Families probably spend more time and energy planning for a Bar or Bat Mitzvah than any other life cycle event. From the time they receive a date until the day the momentous occasion occurs, much effort and emotion on the part of the families are invested in the success of the special day. But what does success mean? How is it measured, if it is measured at all?
When a child ascends the Bimah on his Bar Mitzvah or her Bat Mitzvah day, it is really the culmination of a process that has been in existence for several years. When the children enter Religious School in Aleph, third grade, they begin learning their Hebrew letters and vowels. With practice both in school and at home, by the end of Bet, fourth grade, students should be comfortable functionally reading Hebrew words and sentences. The key here is practice. Attendance at Junior Congregation services on Shabbat morning and Friday evening services also leads to greater comfort with Hebrew language.
When the children enter the Gimel class, they receive a CD which has the required prayers they will need to know for their Bar or Bat Mitzvah, regardless of whether it will be held on Shabbat morning or afternoon or a Sunday morning holiday or Rosh Hodesh. At this point attendance at services becomes more critical, because children need to become more comfortable with the Friday evening service and the service that will mirror their Bar or Bat Mitzvah service. Even though many prayers are introduced during their school sessions during the week, reinforcement at Shabbat services is extremely helpful.

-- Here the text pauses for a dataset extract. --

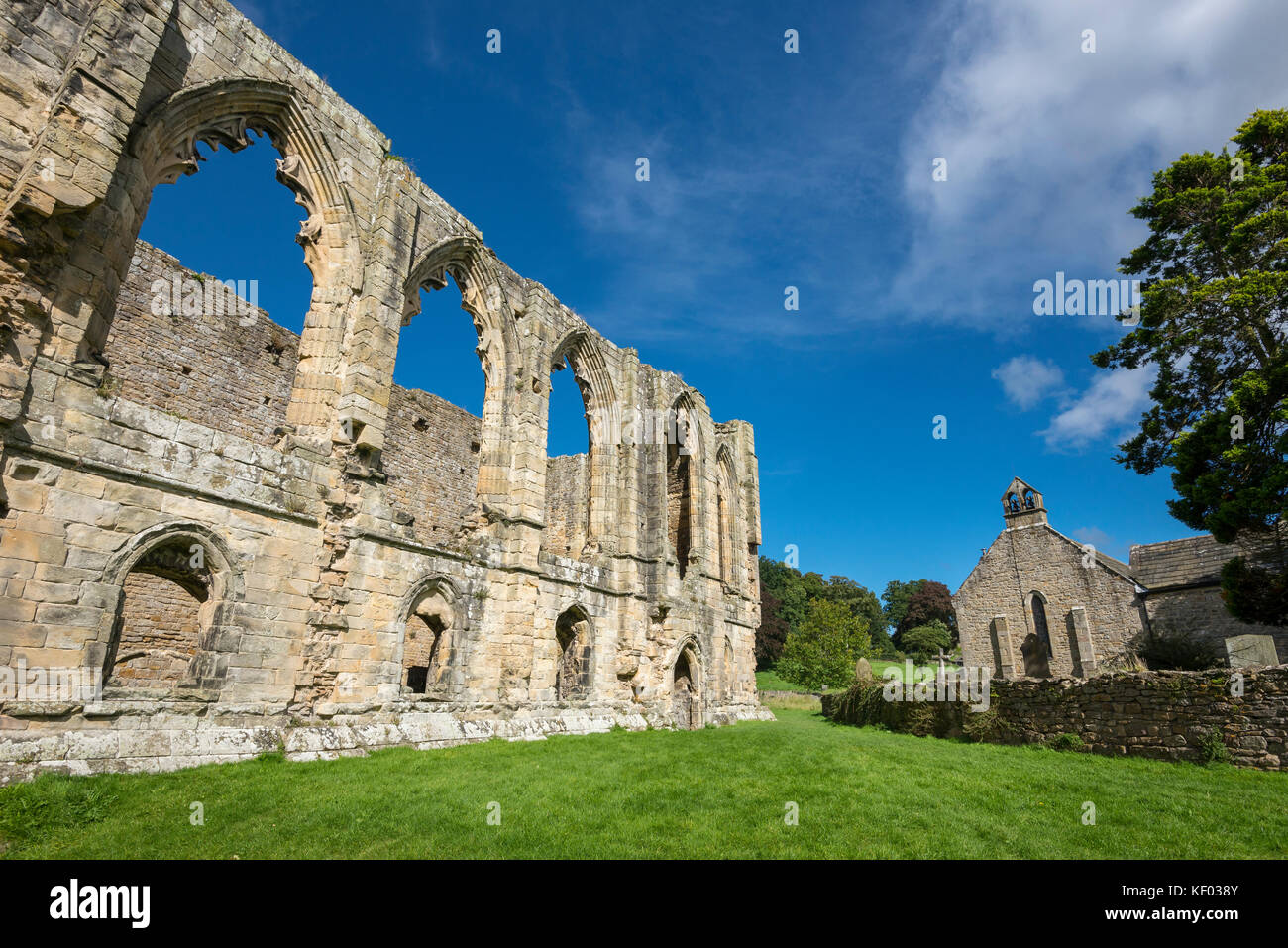 The beautiful ruins of Easby Abbey near Richmond in North Yorkshire, England. Stock Photo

The children begin more formal training eight to ten months prior to their actual Bar Mitzvah date. For some that is during their Dalet year, sixth grade, while for others it may be early in their Hei year, seventh grade. The children have six prayer study sessions with other children who have similar prayer requirements. When they finish classes they begin private one-on-one tutoring sessions with a trainer to work on their Torah and Haftarah portions, if applicable. They are issued a computer program to help them with their studies. Weekly lessons continue up to the week of the Bar or Bat Mitzvah. Rehearsals are held in the sanctuary prior to the actual Bar or Bat Mitzvah day to help bring together all of the elements of the service for the family, as well as for the child.
Returning to the questions in the opening paragraph, every family and child has their own definition of success. In business terms families now measure their return on their investment. The investment is mainly one of time. Time for practice and attendance at services are the primary commitments needed for the Bar or Bat Mitzvah child to perform both successfully and comfortably on the Bimah. The more comfortable a child is, the less nervous they are, and fewer mistakes are likely to be encountered.
As Cantor, I am always available to help any family before, during and after this special day.